Basically speaking, the mahayana path. . .

. . . which is the Buddhist path of working with everybody . . .

. . . is trying to show us that we don’t have to secure ourselves. We can afford to extend out a little bit—quite a bit. The basic idea of practicing sending and taking is almost a rehearsal . . .

As Jeff was trying to explain this morning: a practice, practice rehearsal, a dress rehearsal.

. . . a discipline of passionless-ness, a way of overcoming territory. Overcoming territory consists of going out with the out-breath, giving away and sending out, and bringing in with your in-the breath as much as you can of other people’s pain and misery. You would like to become the object of that pain and misery. You want to experience it fully and thoroughly. 

You practice putting others first by means of the very literal discipline called tonglen. How are you going to do that in the ordinary sense? Should you just run up to somebody in the street and say, “Hey, take my candy and give me the Kleenex in your pocket?” Of course, you could do that if you like, and if you were versatile enough, you could probably do it without offending anybody. But that is experimenting with others on a very crude level. What we are doing is different. We have a way of practicing putting others first—by placing letting go and receiving on the medium of the breath. The first stage of tonglen consists of the practice of sending and taking mentally, psychologically, slowly and slowly. Then at the end one might actually do such a thing. It has been said in the scriptures that one can even practice tonglen by taking a piece of fruit in one hand and giving it to the other hand.

My master of retreat in the past years said the whole thing is very simple. He said, “If somebody says to me, ‘Your teacup is in my space.’” He says, “I move it away.”

There are obviously a lot of obstacles to practice tonglen, particularly since we are involved in modern industrial society. But you can do it step by step, which actually makes you grow up and become the ultimate adult. The main point is to develop the psychological attitude of exchanging oneself for others . . . You might have a lot of pride and reservations, but nevertheless you can begin to do that. Obviously, to begin with, tonglen is more of a psychological state than anything else. If everybody began to give things away to each other, there would be tremendous conflict. But if you develop the attitude of being willing to part with your precious things, to give away your precious things to others, that can help begin to create a good reality. 

How do we actually practice tonglen? First we think about our parents, our friends, or anybody who has sacrificed his or her life for our benefit.

So, that is the beginning, that is the touchstone. That we are here, that we are still alive, that we have to practice this, that we are able to talk, that we are able to live our lives because there has been great sacrifice that has taken place which we do not know about, which we will never know about, because we did not have the awareness to realize what was happening. We may touch in again on this when we become, if we become, parents, and we see how people have given up their lives, their occupations, their time, their health, to ensure our survival, and we don’t see that. We don’t know about it. But we know it happens, and that is why we can continue our life.

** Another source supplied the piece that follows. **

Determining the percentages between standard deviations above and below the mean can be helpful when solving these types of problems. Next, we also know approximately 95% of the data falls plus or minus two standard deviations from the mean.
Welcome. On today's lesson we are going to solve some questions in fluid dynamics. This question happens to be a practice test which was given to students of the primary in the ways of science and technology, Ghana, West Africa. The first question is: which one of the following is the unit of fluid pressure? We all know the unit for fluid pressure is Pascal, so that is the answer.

First we think about our parents, or our friends, or anybody who has sacrificed his or her life for our benefit. In many cases, we have never even said thank you to them. It is very important to think about that, not in order to develop guilt, but just to realize how mean we have been . . . . I’m sure you have a lot of stories about how badly you treated your parents and friends, who helped you so much. They dedicated their entire being for your sake, and you never even bothered to say thank you or write them a letter. You should think of the people who cared for you so much that they didn’t even look for confirmation. There are many people like that.

Sometimes somebody comes along out of the blue and tries to help you completely. Such people do everything for you—they serve you, they sacrifice themselves, and then they go away without even leaving an address or a number to call. All along there have been people who have done things for you. You should think of these situations and work them into your tonglen practice. As your breath goes out, you give them the best of what is yours in order to repay their kindness. In order to promote goodness in the world, you give out everything good, the best that you have, and you breathe in other people’s problems, their misery, their torment. You take in their pain on their behalf.

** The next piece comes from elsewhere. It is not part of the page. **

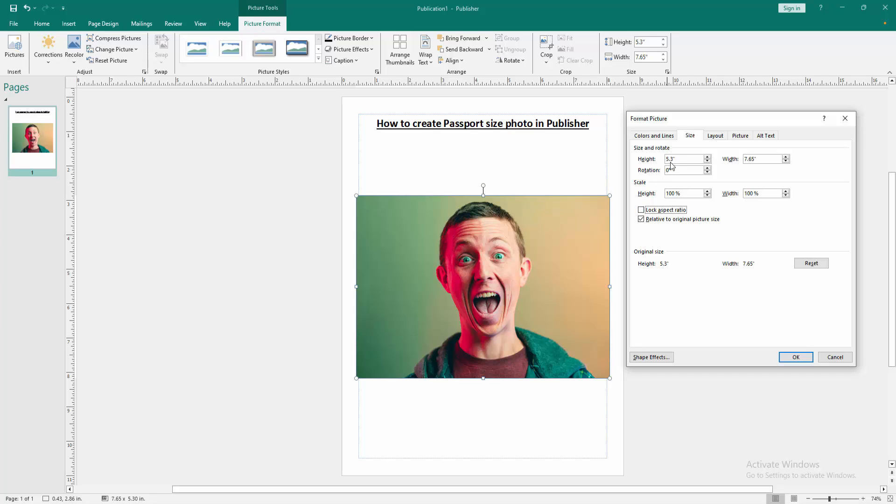And select the height 2 and wide 2. Then click OK.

That is the basic idea of relative bodhicitta practice. It is a very action-oriented practice. We give as much as we can give, we expand as much as we can expand. We have a lot to expand because we have basic goodness, which is an inexhaustible treasure. Therefore we have nothing at all to lose and we can receive more, also. We can be shock absorbers of other people’s pain all the time. It is a very moving practice—not that I’m saying we’re all on a train, particularly. The more we give our best, the more we are able to receive other people’s worst. Isn’t that great?

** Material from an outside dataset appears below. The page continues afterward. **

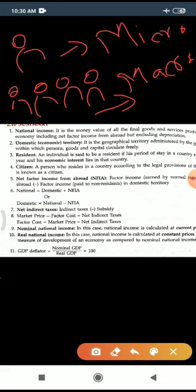Hum baat kar rahe hain national income ki, lekin national income se pehle mein yeh aapko revise karwana chahoongi ki income kya hoti hai. When you are talking about individual income — aapke personal income sources kya kya honge? Aapke parents, ya elder ones, ya grandparents. To aapko monthly kitna paisa aa raha hai — aap calculate karoge ki papa se kitna, mother se kitna, elder brother ya sister se kitna, grandparents se kitna — aur un sabko total karke apni monthly income calculate kar sakte ho.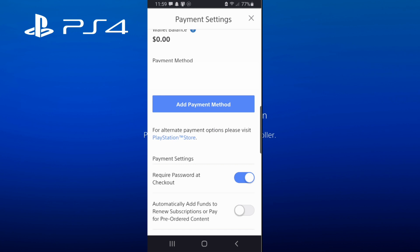If you want to keep it on, great. Another thing to be aware of: it says 'require password at checkout,' meaning anytime you use this application to buy something — even something free from the PlayStation Store — you're going to have to type in your password before you can do that. So make sure you have that toggled to the right or left, depending on your needs.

Tonglen seems to be one of the best measures we can take to solve our problems of ecology and pollution. Since everything is included, tonglen is the fundamental way to solve the pollution problem—is the only way. Quite possibly it will have the physical effect of cleaning up pollution in big cities, maybe even in the entire world. That possibility is quite powerful. 

Sending and taking is not regarded as proof of our personal bravery. It is not that we are the best people because we do tonglen. Sending and taking is regarded as a natural course of exchange; it just takes place. We might have difficulty taking in pollution, taking in what is bad, but we should take it in wholeheartedly—completely in. We should begin to feel that our lungs are altogether filled with bad air, that we have actually cleaned out the world out there and taken it into ourselves. Then some switch takes place, and as we breathe out, we find that we still have an enormous treasure of good breath which goes out all the time. 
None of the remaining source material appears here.